Lai Weil R, Johnson Mark D, Kucherlapati Raju, Park Peter J
Harvard-Partners Center for Genetics and Genomics 77 Avenue Louis Pasteur, Boston, MA 02115, USA.
Bioinformatics. 2005 Oct 1;21(19):3763-70. doi: 10.1093/bioinformatics/bti611. Epub 2005 Aug 4.

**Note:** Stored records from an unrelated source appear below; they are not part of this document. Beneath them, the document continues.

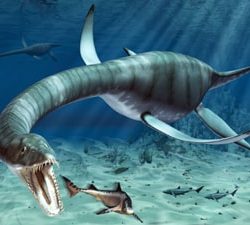 English Documentary on Plesiosaurs with transcript and video to learn English academically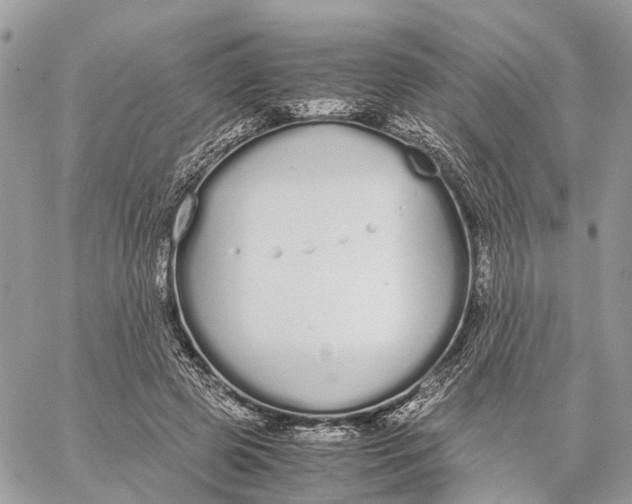 X0000060260545200511181357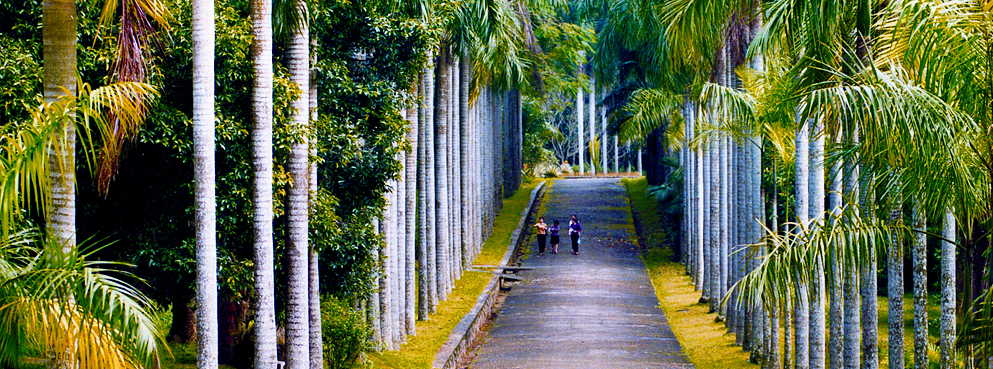 儋州市-宝岛新村-海南热带植物园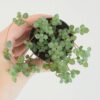 Pilea glaucophylla ‘Greyzy’ malá pilea glaucophylla Greyzy pokojovka
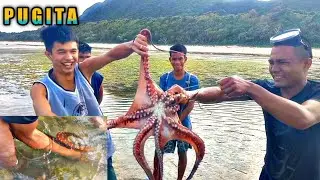 TRADITIONAL WAY OF FISHING.OCTOPUS CATCHING. #shorts #TRADITIONALFISHING #OCTOPUSCATCH
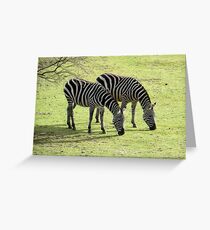Zebras im Frühling Grußkarte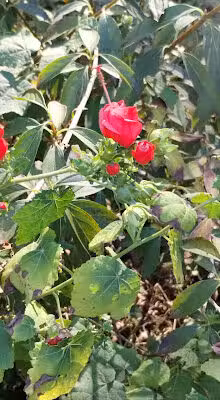 Molly Estes JW Young Park - Noxapater, MS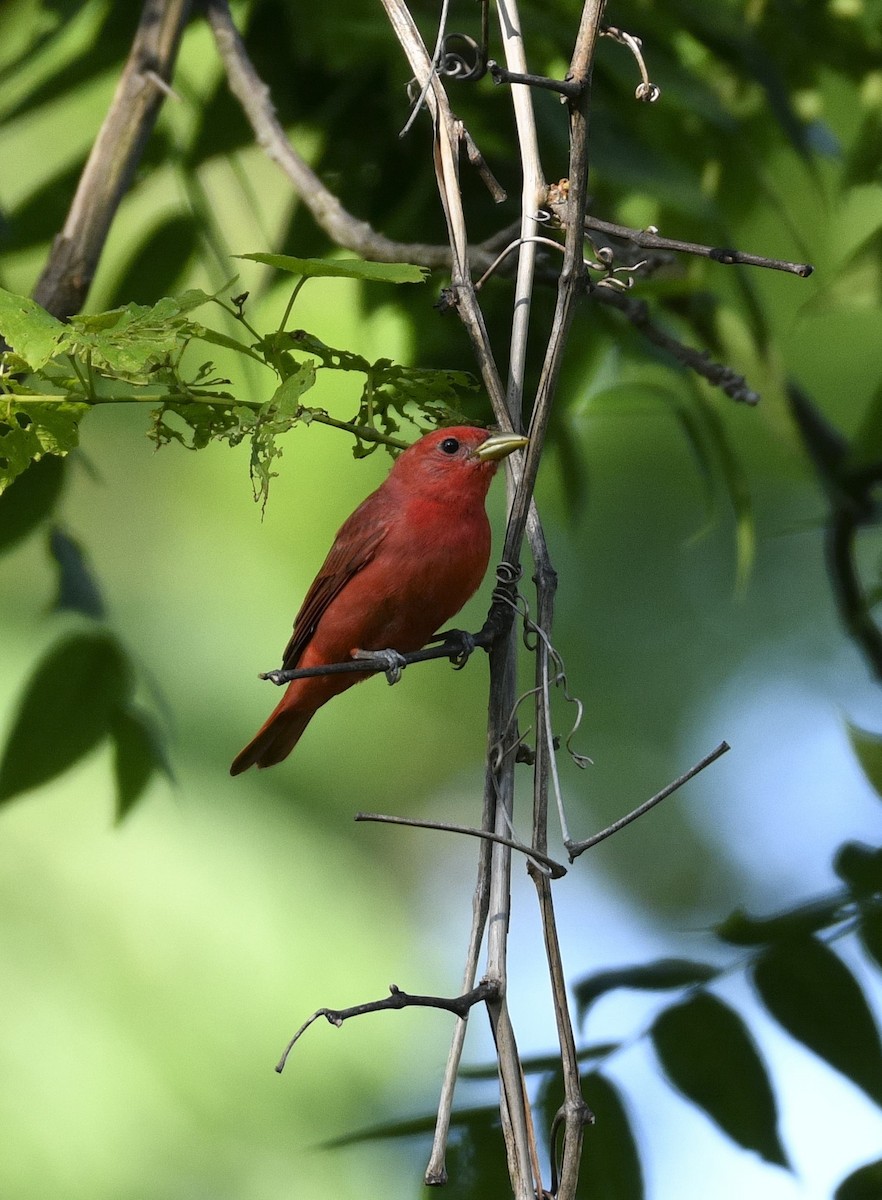 Piranga Roja - ML619789447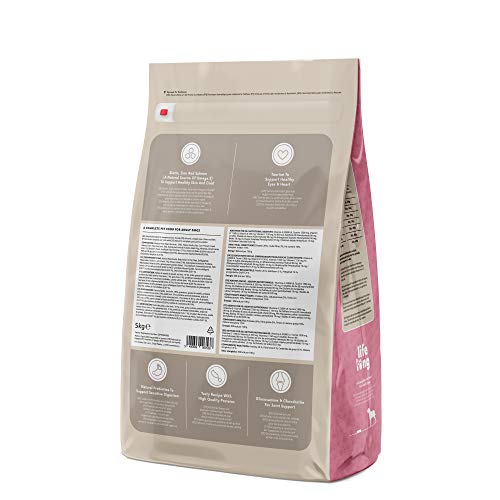 Marca Amazon - Lifelong Complete- Alimento seco completo para perros perros adultos con salmón y arroz, 1 x 5 kg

Array Comparative Genomic Hybridization (CGH) can reveal chromosomal aberrations in the genomic DNA. These amplifications and deletions at the DNA level are important in the pathogenesis of cancer and other diseases. While a large number of approaches have been proposed for analyzing the large array CGH datasets, the relative merits of these methods in practice are not clear.
We compare 11 different algorithms for analyzing array CGH data. These include both segment detection methods and smoothing methods, based on diverse techniques such as mixture models, Hidden Markov Models, maximum likelihood, regression, wavelets and genetic algorithms. We compute the Receiver Operating Characteristic (ROC) curves using simulated data to quantify sensitivity and specificity for various levels of signal-to-noise ratio and different sizes of abnormalities. We also characterize their performance on chromosomal regions of interest in a real dataset obtained from patients with Glioblastoma Multiforme. While comparisons of this type are difficult due to possibly sub-optimal choice of parameters in the methods, they nevertheless reveal general characteristics that are helpful to the biological investigator.
阵列比较基因组杂交(CGH)可揭示基因组DNA中的染色体畸变。这些DNA水平上的扩增和缺失在癌症及其他疾病的发病机制中具有重要意义。尽管已经提出了大量方法来分析大型阵列CGH数据集,但这些方法在实际应用中的相对优缺点尚不清楚。
我们比较了11种不同的分析阵列CGH数据的算法。这些算法包括基于多种技术(如混合模型、隐马尔可夫模型、最大似然法、回归、小波和遗传算法)的片段检测方法和平滑方法。我们使用模拟数据计算接收者操作特征(ROC)曲线,以量化不同信噪比水平和不同大小异常情况下的灵敏度和特异性。我们还在从多形性胶质母细胞瘤患者获得的真实数据集中,对感兴趣的染色体区域上它们的性能进行了表征。虽然由于方法中参数选择可能并非最优,此类比较存在困难,但它们仍揭示了有助于生物学研究者的一般特征。